Because the panel voted against it, but the FDA has the authority to override that recommendation. The agency used an accelerated pathway designed for serious diseases where there's some promise but uncertainty remains. Patient groups were pushing hard for access, and Biogen had data showing the drug reduced amyloid plaques in the brain—a biological marker associated with Alzheimer's. The FDA bet that reducing plaques would eventually reduce cognitive decline, even though it hadn't been proven yet.
But if the drug doesn't actually slow memory loss, what's the point of reducing plaques?
That's exactly what the skeptics asked. The drug targets the underlying disease mechanism rather than just symptoms, which is theoretically important. But there's a gap between theory and reality. One trial showed clinical benefit, one didn't. The data was contradictory enough that independent experts said it didn't justify approval. The FDA essentially said: we'll approve it, but you have to prove it works in a follow-up study, or we'll pull it.
What happens to patients in the meantime?
They face a difficult choice. The drug costs $20,000 to $50,000 a year. It carries a real risk of brain hemorrhages, especially for people with a certain genetic variant. And nobody knows if it will help their memory or cognition. Doctors like Karlawish say they won't recommend it because the evidence doesn't support spending that much money and taking that risk for an uncertain benefit.

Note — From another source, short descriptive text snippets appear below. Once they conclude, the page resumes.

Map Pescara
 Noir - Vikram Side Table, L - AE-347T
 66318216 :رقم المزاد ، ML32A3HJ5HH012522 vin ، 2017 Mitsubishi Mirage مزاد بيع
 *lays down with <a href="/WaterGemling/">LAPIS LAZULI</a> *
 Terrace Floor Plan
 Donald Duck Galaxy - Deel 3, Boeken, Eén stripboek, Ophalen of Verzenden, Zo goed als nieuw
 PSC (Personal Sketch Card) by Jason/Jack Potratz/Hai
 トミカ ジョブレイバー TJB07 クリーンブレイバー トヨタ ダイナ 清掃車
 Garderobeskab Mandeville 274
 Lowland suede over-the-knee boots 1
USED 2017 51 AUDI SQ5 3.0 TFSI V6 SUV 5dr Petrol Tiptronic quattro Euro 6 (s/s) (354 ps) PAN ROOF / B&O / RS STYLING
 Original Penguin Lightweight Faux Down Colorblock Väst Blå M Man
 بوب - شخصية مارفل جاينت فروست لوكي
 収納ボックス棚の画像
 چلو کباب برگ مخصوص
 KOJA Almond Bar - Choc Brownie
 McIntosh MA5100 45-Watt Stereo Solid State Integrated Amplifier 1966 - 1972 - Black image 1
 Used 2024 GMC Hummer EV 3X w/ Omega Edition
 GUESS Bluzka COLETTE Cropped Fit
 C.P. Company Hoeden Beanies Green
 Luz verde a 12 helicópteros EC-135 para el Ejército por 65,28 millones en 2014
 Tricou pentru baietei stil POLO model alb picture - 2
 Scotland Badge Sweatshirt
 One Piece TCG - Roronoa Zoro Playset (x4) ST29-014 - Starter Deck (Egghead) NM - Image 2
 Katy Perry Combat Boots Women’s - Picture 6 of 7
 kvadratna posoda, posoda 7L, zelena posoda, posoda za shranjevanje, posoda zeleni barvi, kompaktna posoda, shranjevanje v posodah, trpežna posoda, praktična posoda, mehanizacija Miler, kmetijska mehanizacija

Is there a chance the follow-up study proves the drug works?
There's a chance. The biological data is real—the drug does reduce amyloid plaques consistently. Whether that translates into meaningful cognitive improvement is what the next trial will test. But experts worry that approving it first and studying it later sets a precedent that could weaken standards for other drugs.
What does this mean for the millions of people with Alzheimer's right now?
For most, it probably means nothing changes. The drug is for early-stage disease, and it's expensive. But it does mean families will have to decide whether to try a treatment with unclear benefits and real risks. And it signals that the FDA is willing to approve drugs based on biological markers rather than proven clinical outcomes—which could be good or bad depending on how it's used going forward.